Fenomena Anak Jalanan Indonesia

Anak jalanan memiliki tiga profil. Pertama, anak jalanan merupakan anak yang memang hidup dari jalanan dan tinggal di jalanan. 

Kedua, anak jalanan adalah anak yang bekerja di jalanan dan tinggal di jalanan yang masih hidup dengan keluarganya dari kota ke kota maupun dari terminal ke terminal. Dan, ketiga, anak jalanan adalah anak yang melakukan survive secara mandiri di jalanan dan masih memiliki orang tau dan bisa pulang kapanpun. 
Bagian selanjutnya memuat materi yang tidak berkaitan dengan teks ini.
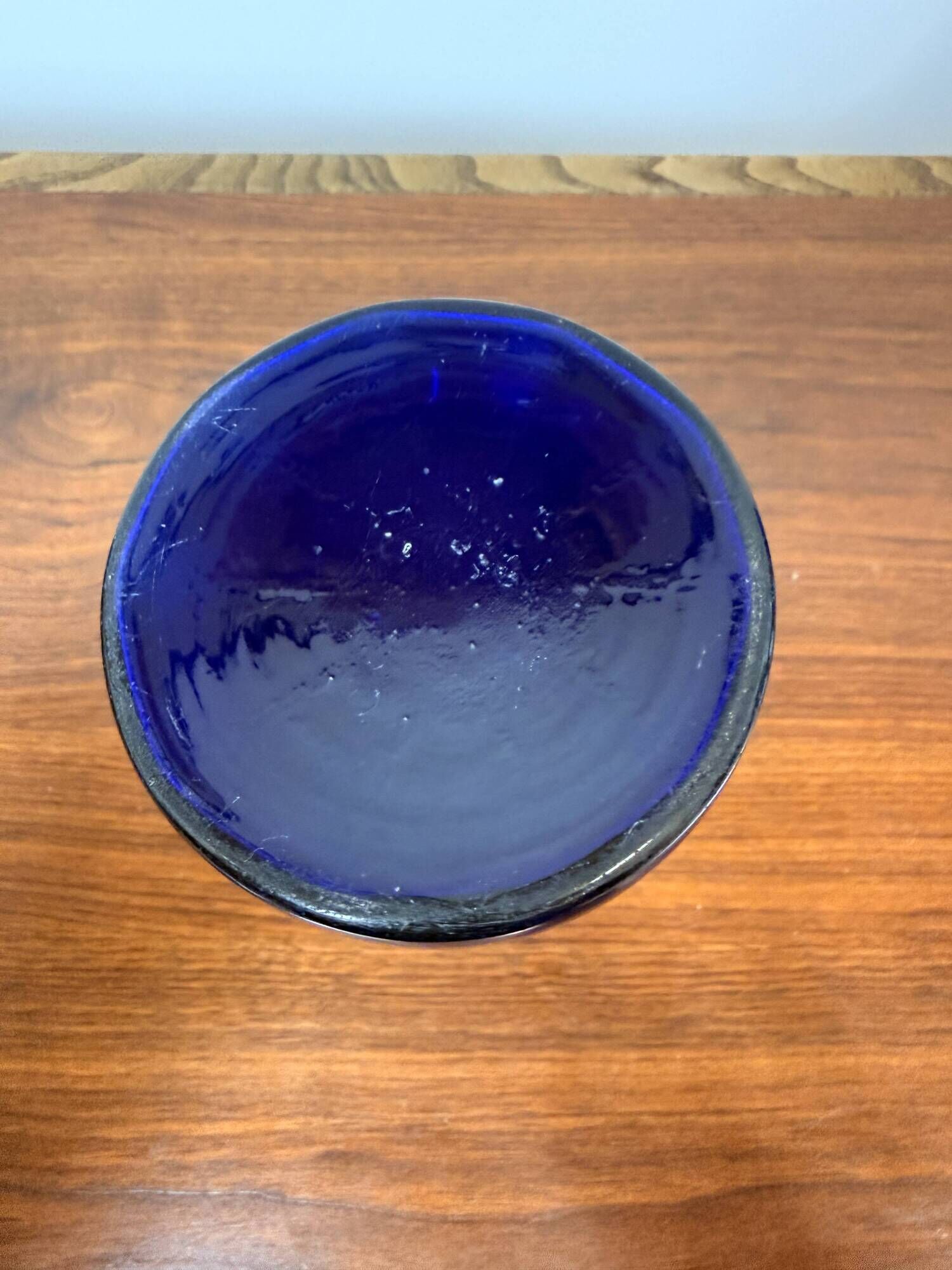Antique Legras vase – Cobalt blue glass with floral enamel – Art Nouveau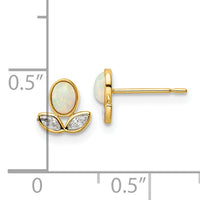 14k CZ & Created Opal Post Earrings-YE1983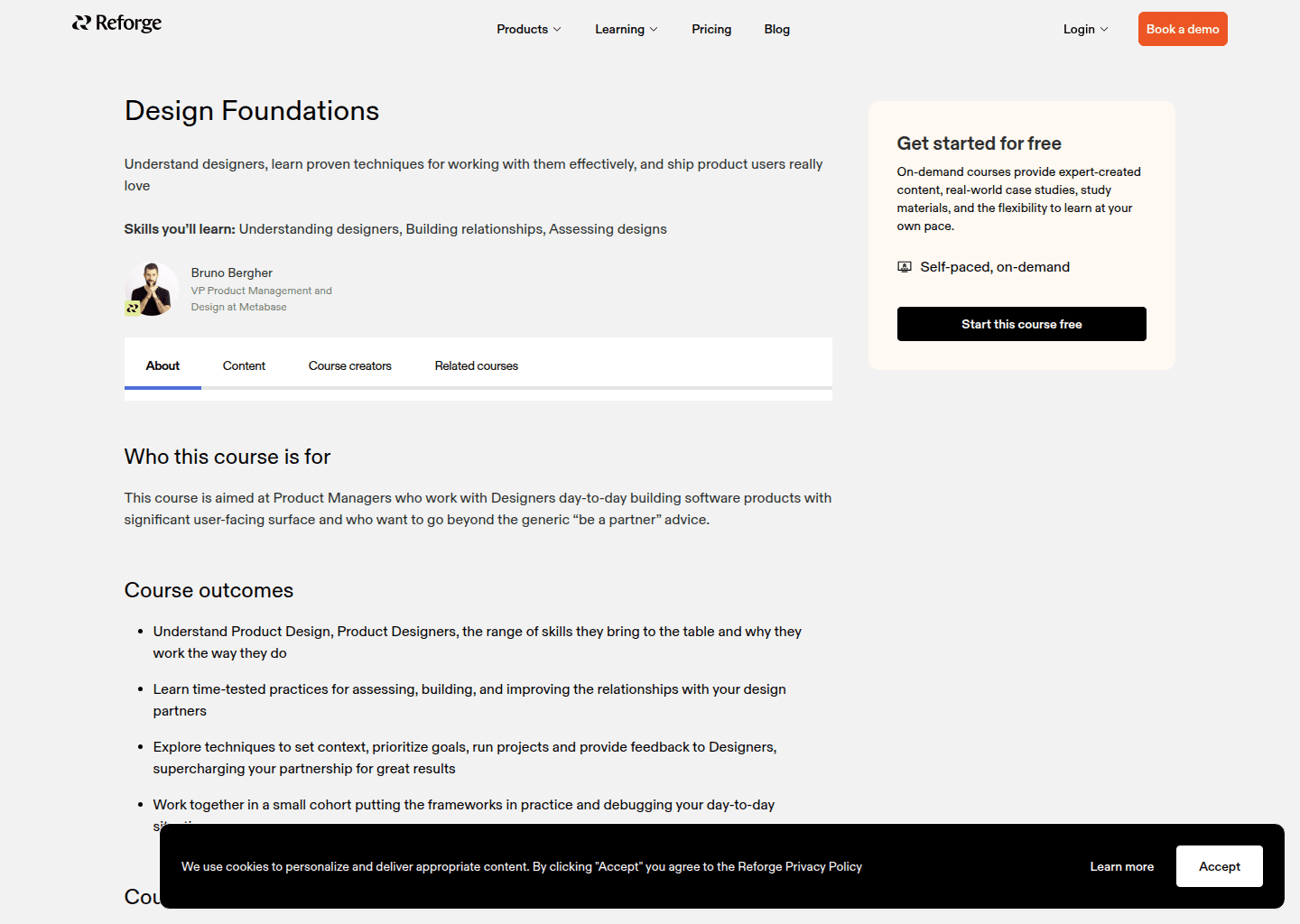 Website preview for Design for PMs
Dari tahun ke tahun, tiga profil anak jalanan tersebut terus meningkat hingga menyentuh angka 2,1 juta yang bekerja dan tinggal di jalanan. Dari usia 5 tahun dengan memiliki berbagai masalah. 

“Pada fakta yang saya temui profil anak jalanan pertama dan kedua sering sekali mengalami kekerasan antar-sesama dan dari aparatur negara. Khususnya pada pamong praja atau satpol PP yang sering menggunakan kriminalisasi pada anak jalanan,” jelas Arist Merdeka Sirait. 

Selain itu, anak-anak jalanan sering terancam untuk dieksploitasi secara ekonomi, sosial, dan politik. Kasus itu masih banyak terjadi di Surabaya, Semarang, Jogja, Makassar, hingga ke kabupaten/kota. 

“Masing-masing daerah, kabupaten/kota, maupun provinsi belum serius dalam melindungi hak anak- anak jalanan. Dan, tentu pemerintah masih menggunakan pendekatan instan dan itu harus berganti.” 

 Amira Paripurna S H LL M P HD sebelah kanan sedang berbincang dengan moderator (Foto: Nokya Suripto Putri)
Amira Paripurna S H LL M P HD sebelah kanan sedang berbincang dengan moderator (Foto: Nokya Suripto Putri)
Perlindungan Hukum pada Anak Jalanan

Secara normatif, ada sejumlah pasal yang seharusnya memberikan kerangka yang kuat untuk memberikan hukum pada anak jalanan. Dengan isi untuk memberikan pendidikan, pemeliharaan, perawatan, dan pengasuhan untuk memenuhi kebutuhan anak demi kepentingan terbaik pada anak.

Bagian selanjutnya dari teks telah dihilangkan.